Scrive Bonnefoy, in una sua riflessione sul senso della poesia –
La parola poetica avvicina soltanto ma è, nello stesso tempo, quella parola che salva il mondo dall’abbandono, trasforma l’esilio in speranza, ritesse il filo spezzato della vita […] è una parola capace di essere civitas, luogo, dimora.

Di seguito, alcune poesie tratte da Quel che fu senza luce. Inizio e fine della neve (Einaudi, 2012)

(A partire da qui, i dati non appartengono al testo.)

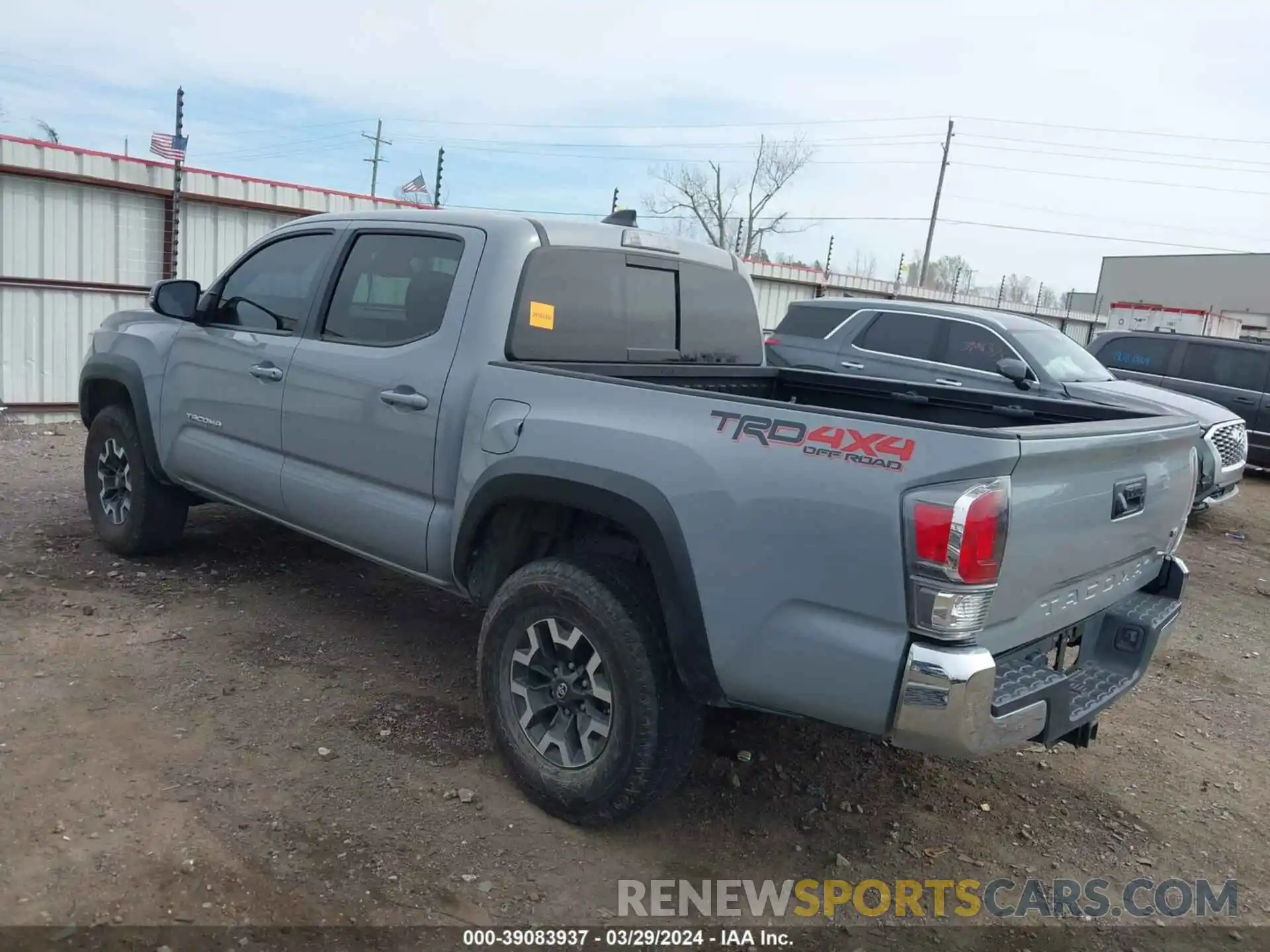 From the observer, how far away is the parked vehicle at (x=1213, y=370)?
12141 mm

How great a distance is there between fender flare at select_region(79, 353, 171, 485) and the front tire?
2.67 metres

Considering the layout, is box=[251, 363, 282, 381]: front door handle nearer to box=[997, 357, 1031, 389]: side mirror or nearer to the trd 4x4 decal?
the trd 4x4 decal

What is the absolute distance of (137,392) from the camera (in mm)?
5203

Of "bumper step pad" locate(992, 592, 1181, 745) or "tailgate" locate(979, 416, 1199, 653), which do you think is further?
"bumper step pad" locate(992, 592, 1181, 745)

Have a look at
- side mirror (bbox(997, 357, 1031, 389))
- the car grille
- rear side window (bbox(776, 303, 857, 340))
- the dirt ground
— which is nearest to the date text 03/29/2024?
the dirt ground

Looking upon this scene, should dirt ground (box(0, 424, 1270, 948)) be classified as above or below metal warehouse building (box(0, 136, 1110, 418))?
below

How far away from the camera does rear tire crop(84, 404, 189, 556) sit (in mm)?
5301

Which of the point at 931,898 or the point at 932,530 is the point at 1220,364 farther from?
the point at 932,530

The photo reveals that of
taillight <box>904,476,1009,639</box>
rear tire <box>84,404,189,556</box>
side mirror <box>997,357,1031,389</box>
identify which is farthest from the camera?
side mirror <box>997,357,1031,389</box>

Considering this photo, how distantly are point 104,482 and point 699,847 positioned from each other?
4.16 m

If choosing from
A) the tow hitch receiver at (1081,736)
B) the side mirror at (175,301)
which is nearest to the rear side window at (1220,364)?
the tow hitch receiver at (1081,736)

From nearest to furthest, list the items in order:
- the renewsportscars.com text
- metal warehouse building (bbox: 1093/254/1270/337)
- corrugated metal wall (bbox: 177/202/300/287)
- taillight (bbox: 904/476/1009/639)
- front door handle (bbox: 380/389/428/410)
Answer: taillight (bbox: 904/476/1009/639) < the renewsportscars.com text < front door handle (bbox: 380/389/428/410) < corrugated metal wall (bbox: 177/202/300/287) < metal warehouse building (bbox: 1093/254/1270/337)

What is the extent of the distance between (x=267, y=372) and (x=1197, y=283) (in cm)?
5897

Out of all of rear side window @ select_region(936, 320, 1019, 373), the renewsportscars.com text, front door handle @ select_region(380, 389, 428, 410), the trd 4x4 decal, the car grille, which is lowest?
the renewsportscars.com text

Amano rientrare tardi, così. Non distinguono
Più neanche il sentiero fra le pietre
Là dove sgorga ancora un’ombra d’ocra rossa.
Tuttavia hanno fiducia. Accanto alla soglia
L’erba è senza rovi e non esiste morte.
Eccoli adesso sotto alcune volte.
È buio nel rumore delle foglie
Secche, smosse sul pavimento
Dal vento che non sa, di sala in sala,
Quel che ha nome e quel che è solo cosa.
E vanno, vanno. Laggiù tra le rovine,
È il paese delle calme rive,
Dai sentieri immobili. Nelle stanze
Porranno i fiori, accanto allo specchio
Che forse consuma, e forse salva.

*

Un’ombra di foglie o fiore si allungava su una pietra,
ti ci sedevi accanto, ti riscoprivi pittore cinese con un
po’ di colore da stemperare nell’inchiostro nero.
Era l’infinito che si faceva finito come nel territorio
degli animali. E chi partiva sapeva ritornare. Tempo
felice allora, quando, smarrito un sentiero, si sapeva
che era perché non c’era più ragione a proseguire, in
un mondo non ancora minacciato dalla fine.

*

Esco,
Sogno di uscire nella notte di neve.
Sogno di portare
Con me, lontano, fuori, senza ritorno,
Lo specchio della camera in alto, quello delle estati
Di una volta, la barca sulla prua della quale, semplici,
Andavamo, ci interrogavamo, nel sonno
Di estati che furono brevi come la vita.
A quel tempo
Era attraverso il cielo che splendeva nella sua acqua
Che i magi dei nostri sogni, ritirandosi,
Spargevano i loro tesori nella stanza buia.

*

E alzo gli occhi, finalmente oso farlo,
E vedo innanzi a me, nel cielo nudo,
Passare la barca che ritornò, talvolta senza luce,
In tanti sogni che si riflettono sulla sabbia
Della lunghissima riva di questa notte.
Guardo la barca, che esita,
Essa ha virato come se dei sentieri
Si disegnassero per lei sui flutti
Che dolcemente percorrono, frangendo la schiuma,
L’immensità dell’ombra della stella.
E chi c’è a bordo? Un uomo, una donna
Che si stagliano neri sul fumo
Di un fuoco che alimentano a prua.
Il desiderio dell’uomo, della donna
È dunque questo fuoco nel dedalo dei mondi.

*

Il poco d’acqua

A questo fiocco
Che sulla mia mano si posa, vorrei
Assicurare l’eterno
Facendo del mio vivere, del mio calore,
Del mio passato, di questi giorni d’oggi,
Solo un istante: quest’attimo, illimitato.
Ma già non è nient’altro
Che un po’ d’acqua, a disperdersi
Nella bruma dei corpi che vanno nella neve.

*

La Vergine della misericordia
Tutto, adesso,

Ben al caldo
Sotto il tuo manto lieve,
Quasi un nulla di bruma e di ricamo,
Madonna misericordiosa della neve.
Stretti al tuo corpo
Dormono, nudi,
Gli esseri e le cose, e le tue dita
Velano di chiarore quelle palpebre chiuse.